Unicode allows programmers to provide software that ordinary people can use in their native language. The prerequisite of learning a foreign language is removed and the social and monetary benefits of computer technology are more easily realized. It is easy to imagine how little computer use would be seen in America if the user had to learn Urdu to use an Internet browser. The Web would never have happened.
Linux has a large degree of commitment to Unicode. Support for Unicode is embedded into both the kernel and the code development libraries. It is, for the most part, automatically incorporated into the code using a few simple commands from the program.

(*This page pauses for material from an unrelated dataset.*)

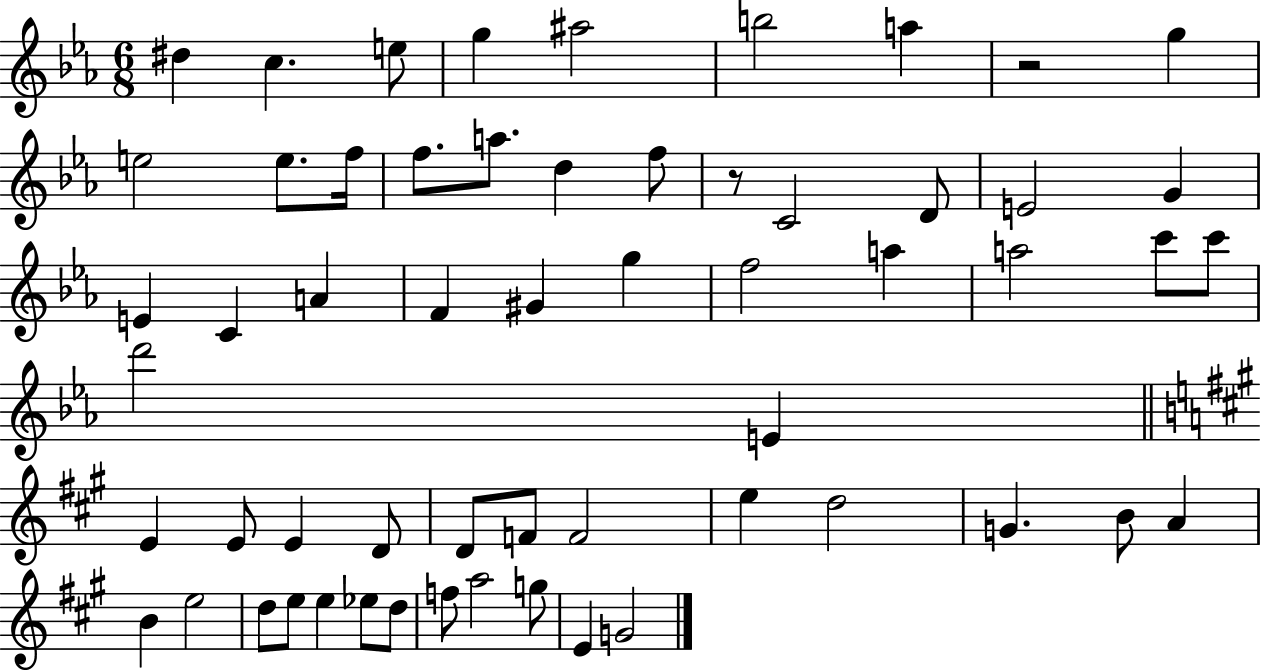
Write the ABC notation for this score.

The basis of all modern character sets is the American Standard Code for Information Interchange (ASCII), published in 1968 as ANSIX3.4. The notable exception to this is IBM's EBCDIC (Extended Binary Coded Decimal Information Code) that was defined before ASCII. ASCII is a coded character set (CCS), in other words, a mapping from integer numbers to character representations. The ASCII CCS allows the representation of 256 characters with an eight-bit (a base of 2, 0, or 1 value) field or byte (2^8 =256). This is a highly limited CCS that does not allow the representation of the all of the characters of the many different languages (like Chinese and Japanese), scientific symbols, or even ancient scripts (runes and hieroglyphics) and music. It would be useful, but entirely impractical to change the size of a byte to allow a larger set of characters to be coded. All computers are based on the eight-bit byte. The solution is a character encoding scheme (CES) that can represent numbers larger than 256 using a multi-byte sequence of either fixed or variable length. These values are then mapped through the CCS to the characters they represent.
Unicode definition
Unicode is usually used as a generic term referring to a two-byte character-encoding scheme. The Unicode CCS 3.1 is officially known as the ISO 10646-1 Universal Multiple Octet Coded Character Set (UCS). Unicode 3.1 adds 44,946 new encoded characters. With the 49,194 already existing characters in Unicode 3.0, the total is now 94,140.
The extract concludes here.